Vu la procédure suivante :
Procédure contentieuse antérieure :
La société Koné a demandé au juge des référés du tribunal administratif d'Amiens, sur le fondement de l'article R. 541-1 du code de justice administrative, de condamner l'office public de l'habitat des communes de l'Oise, à lui verser la somme de 69 236,48 euros toutes taxes comprises au titre du solde du marché de remplacement des portes palières automatiques de quatre ascenseurs et du remplacement complet d'un ascenseur conclu le 18 avril 2018, assortie des intérêts moratoires définis à l'article 8 du décret n° 2013-269 du 29 mars 2013 à compter du 6 février 2020 et de l'indemnité forfaitaire de 40 euros prévue à l'article 9 du même décret.
Par une ordonnance n° 2001237 du 14 octobre 2020, le juge des référés du tribunal administratif d'Amiens a rejeté sa demande.

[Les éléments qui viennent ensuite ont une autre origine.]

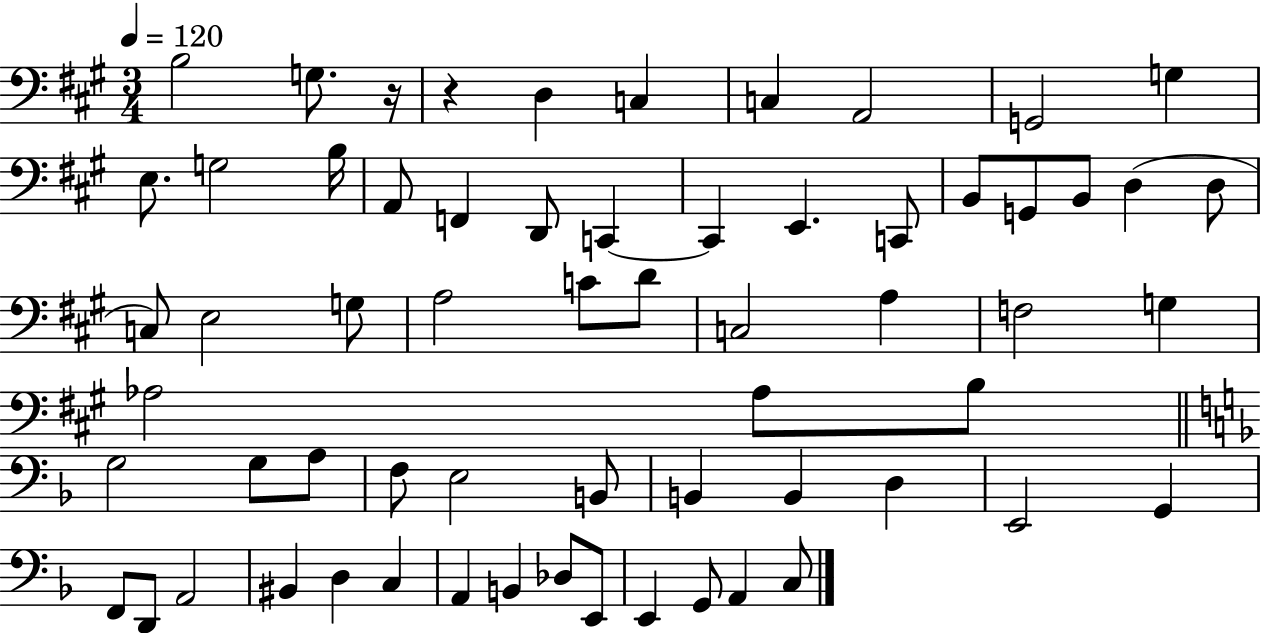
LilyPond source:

{
  \clef bass
  \numericTimeSignature
  \time 3/4
  \key a \major
  \tempo 4 = 120
  b2 g8. r16 | r4 d4 c4 | c4 a,2 | g,2 g4 | \break e8. g2 b16 | a,8 f,4 d,8 c,4~~ | c,4 e,4. c,8 | b,8 g,8 b,8 d4( d8 | \break c8) e2 g8 | a2 c'8 d'8 | c2 a4 | f2 g4 | \break aes2 aes8 b8 | \bar "||" \break \key f \major g2 g8 a8 | f8 e2 b,8 | b,4 b,4 d4 | e,2 g,4 | \break f,8 d,8 a,2 | bis,4 d4 c4 | a,4 b,4 des8 e,8 | e,4 g,8 a,4 c8 | \break \bar "|."
}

Procédure devant la cour :
Par une requête et un mémoire, enregistrés les 29 octobre 2020 et 13 janvier 2021, la société Koné, représentée par Me E..., demande à la cour :
1°) d'annuler cette ordonnance ;
2°) de condamner l'office public de l'habitat des communes de l'Oise, à lui verser à titre de provision, d'une part, la somme de 69 236,48 euros toutes taxes comprises au titre du solde arrêté dans le décompte général et définitif du marché, assortie des intérêts moratoires à compter du 6 février 2020 et jusqu'au versement effectif des fonds, au taux d'intérêt appliqué par la Banque centrale européenne à ses opérations principales de refinancement les plus récentes, en vigueur au 1er janvier 2020, majoré de huit points de pourcentage et, d'autre part, la somme de 40 euros correspondant à l'indemnité forfaitaire pour frais de recouvrement ;
3°) de mettre à la charge de l'office public de l'habitat des communes de l'Oise la somme de 3 000 euros au titre de l'article L. 761-1 du code de justice administrative.
Elle soutient que :
- l'ordonnance est irrégulière dès lors que le juge des référés du tribunal administratif s'est fondé sur un moyen qui n'avait pas été soulevé en défense et qui n'était pas d'ordre public ;
- elle est irrégulière également en ce que le juge des référés a commis une erreur de droit en estimant à tort que l'obligation n'est pas sérieusement contestable, l'office public n'ayant jamais contesté la réalité des travaux, ni dans leur principe, ni dans leur montant ;
- postérieurement à l'achèvement des travaux, elle a adressé le projet de décompte final à l'office public et au maître d'oeuvre, qui ne lui ont pas notifié dans un délai de trente jours le décompte général ; elle a dès lors adressé un projet de décompte général signé à l'office public, qui n'a pas non plus, dans un délai de dix jours, établi le décompte général ; ce projet de décompte général accepté tacitement devient le décompte général et définitif ; le solde de 69 236,48 euros toutes taxes comprises contenu dans ce décompte constitue une créance non sérieusement contestable ; ce décompte général et définitif liant les parties, des pénalités ne sauraient lui être infligées a posteriori ;
- le projet de décompte final n'est entaché d'aucune insuffisance puisqu'il visait les factures impayées par l'office public, lesquelles comportaient utilement l'avancement des travaux de remplacement des portes palières et celui des travaux de remplacement de l'ascenseur ; il n'avait pas non plus à faire état de chaque phase de travaux à exécuter ; le maître d'ouvrage disposait de toutes les informations utiles pour procéder au règlement des sommes dues dès juin 2019 ;
- ainsi que l'a jugé à bon droit le tribunal administratif, le cahier des clauses administratives générales applicables aux marchés publics de travaux applicable est celui du 8 septembre 2009, tel que modifié par l'arrêté du 3 mars 2014, faute de dérogation contractuelle explicite dans le marché ;
- le solde n'ayant pas été mis en paiement, elle a droit aux intérêts moratoires à compter du 6 février 2020 au taux d'intérêt appliqué par la Banque centrale européenne à ses opérations de refinancement les plus récentes, en vigueur au 1er janvier 2020, majoré de huit points de pourcentage ainsi qu'à l'indemnité forfaitaire pour frais de recouvrement fixée à 40 euros.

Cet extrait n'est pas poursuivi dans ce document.